[Start of Attachment]

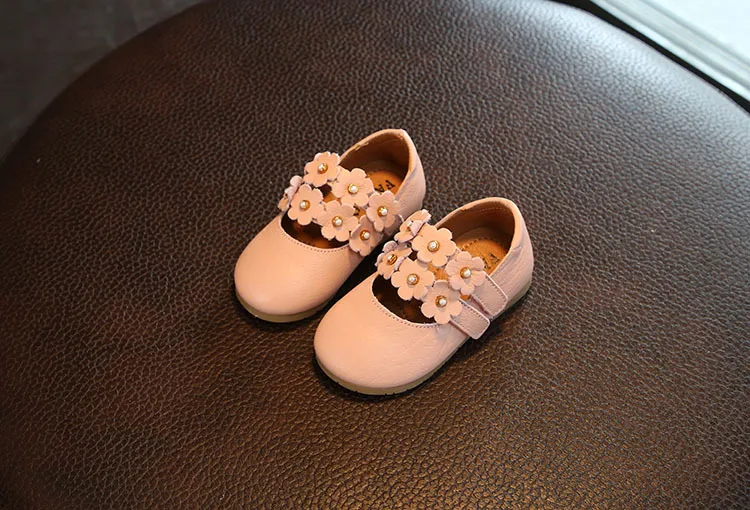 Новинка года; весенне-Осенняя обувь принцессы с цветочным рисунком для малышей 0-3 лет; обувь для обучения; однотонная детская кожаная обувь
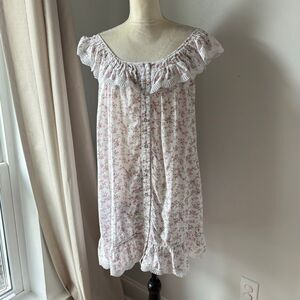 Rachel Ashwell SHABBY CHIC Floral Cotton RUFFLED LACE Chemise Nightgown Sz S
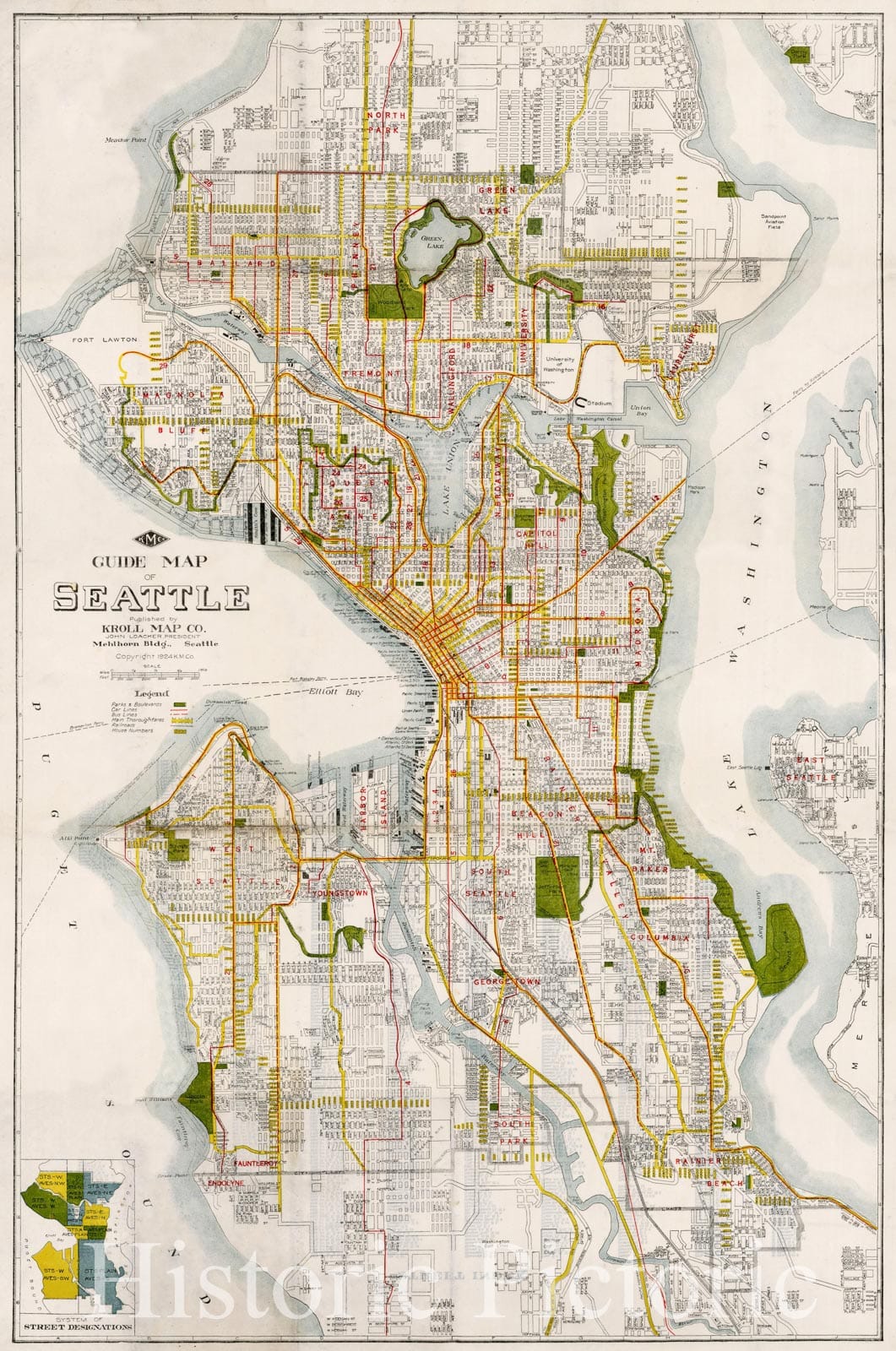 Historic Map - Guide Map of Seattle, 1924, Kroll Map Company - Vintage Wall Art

[End of Attachment]
[Start of Attachment]

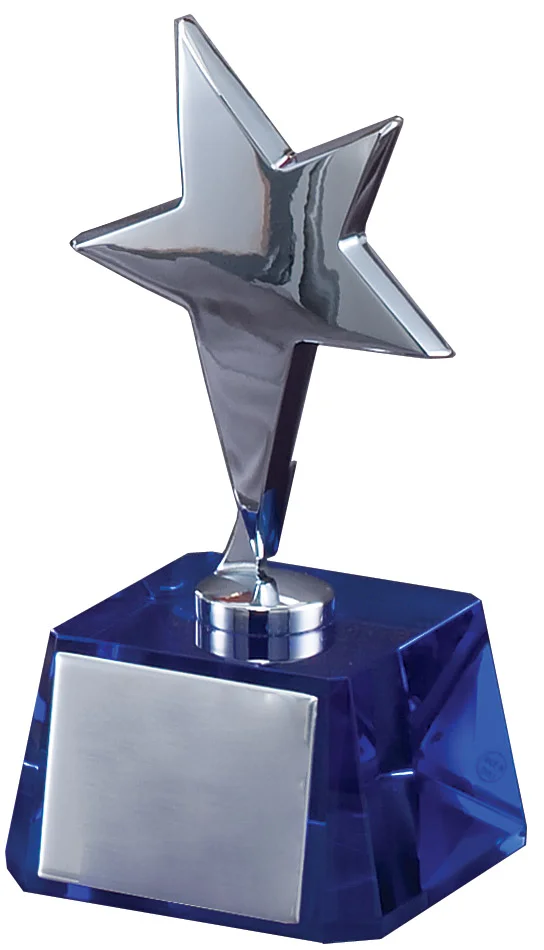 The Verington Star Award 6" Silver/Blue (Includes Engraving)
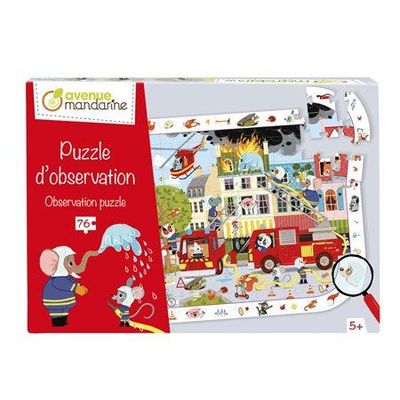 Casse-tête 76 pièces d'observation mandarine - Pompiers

[End of Attachment]

Within the material above, find the part that opens with the line containing "Новинка года; весенне-Осенняя" and closes with the line containing "Historic Map - Guide", and reproduce it exactly without the pictures.

→ COMPLETED TASK
 Новинка года; весенне-Осенняя обувь принцессы с цветочным рисунком для малышей 0-3 лет; обувь для обучения; однотонная детская кожаная обувь
 Rachel Ashwell SHABBY CHIC Floral Cotton RUFFLED LACE Chemise Nightgown Sz S
 Historic Map - Guide Map of Seattle, 1924, Kroll Map Company - Vintage Wall Art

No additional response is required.